I drew her to me and kissed her deeply. Her tongue lingered in my mouth.
"Carpe foxum," I said.
"What's that?"
"Seize the babe."
Despite a decent night's sleep, my first thought upon waking was: Lucy's out of the hospital.
I wasn't happy with the idea of her trying to make it on her own. But if I pushed she'd probably back away, so I decided to give her till noon before calling.
In the meantime, I'd catch Milo up on what Doris Reingold had told me.
He hadn't come into the station yet and no one picked up at his home. I called the business number he used for his private moonlighting and the tape answered: "Blue Investigations." I left a message.
It was just after nine; Robin and Spike had been gone for over an hour. I drove to the market at Trancas and bought groceries, thinking about all the places off the highway where a girl could disappear. Just as I got home, Milo phoned.
"I'm at Lucy's place. Can you come out right now?"
"Is she okay?"
"Physically, she's fine. Just come out; we'll talk once you get here. Here's the address."
***
The street was three blocks north of Ventura Boulevard. The block was treeless and sun-fried, all apartments, mostly mega-units with underground parking and security gates that would give an experienced burglar pause for about twenty seconds. FOR RENT banners and real estate brokerage signs on most of them. Promises of "move-in incentives."
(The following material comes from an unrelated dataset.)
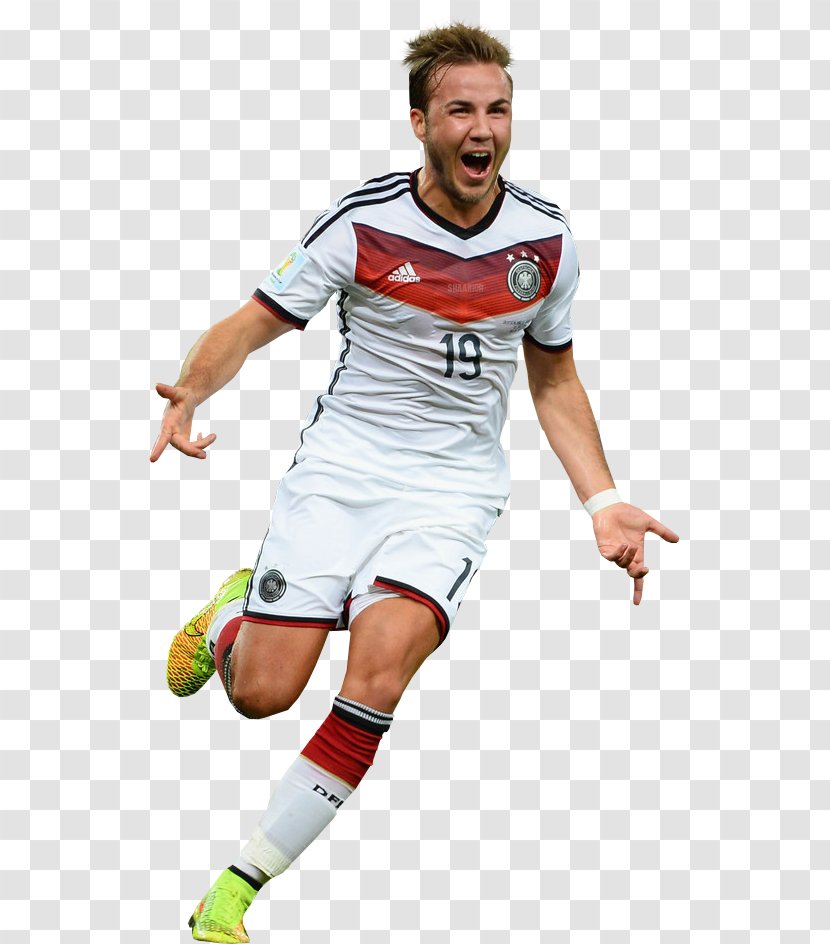 2014 FIFA World Cup Final Mario Götze Germany National Football Team - Shoe Transparent PNG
Lucy's building was older and smaller, a two-story quadriplex of flesh-tone stucco and dark red wood. Two units on top, two below, each open to the street, with individual entrances set back from a covered walkway. Another FOR RENT sign staked in the lawn near the ground-level mailbox.
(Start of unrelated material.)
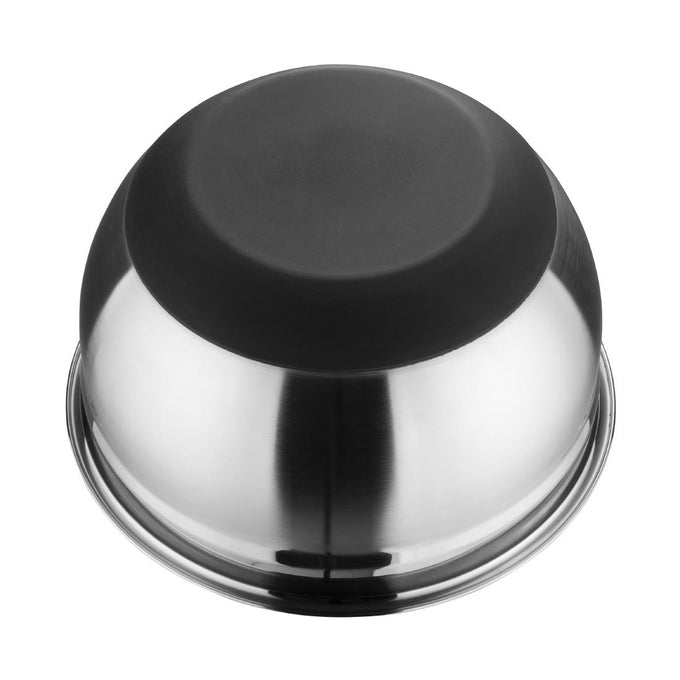 Bassine acier inoxydable fond silicone 5 L - Vogue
Her apartment was number 4, upstairs. Number 3 was vacant. Her welcome mat featured a chipmunk saying "Hi!" The windows through which Ken had seen her kneeling in the kitchen were masked by shades. The doorjamb around the hinges was splintered a bit and nailed together- Ken's breaking in to save her- but the door was locked. I rang the bell and Milo parted the shades, then let me in.
The front of the apartment was divided into living and dining areas. The kitchen was a cubby with avocado cabinets and white appliances. Barely enough room to kneel. All the walls were off-white, not that different from the Psych unit at Woodbridge.
The oven was a squat little two-burner Kenmore, maybe fifteen years old. The dining room table was fake oak surrounded by three folding chairs. In the living room were a tufted blue velvet love seat and two matching chairs, a glass-topped coffee table, and a 14-inch television and a VCR on a rolling stand.
On top of the TV was a single photo, of Lucy and Peter. Head shots, no identifying background. She was smiling, he was trying to.
Lucy sat on the blue couch, barefoot, wearing jeans and a baggy gray sweatshirt that said L.A.'s the One. Her hands gripped each other, and she looked up and gave me a struggling smile. Milo went and stood behind her. His jacket was over a chair. He wore his revolver in a waist holster.
He looked at the coffee table. "Look, but please don't touch."
A short stack of magazines had been pushed to one side. Next to it was a sheet of yellow ruled legal paper; next to that, a white envelope.
On the paper was a note, typed off-center, crowding the left margin and the top of the page:
FUCK YOU BITCH IN HELL
JOBE DIES, YOU DIE TWICE
Below that was something affixed to the page with transparent strips of cellophane tape.
Dark shriveled things, the size and shape of olive pits.
"Rat turds," said Milo. "Pending lab analysis. But I don't need a tech to tell me."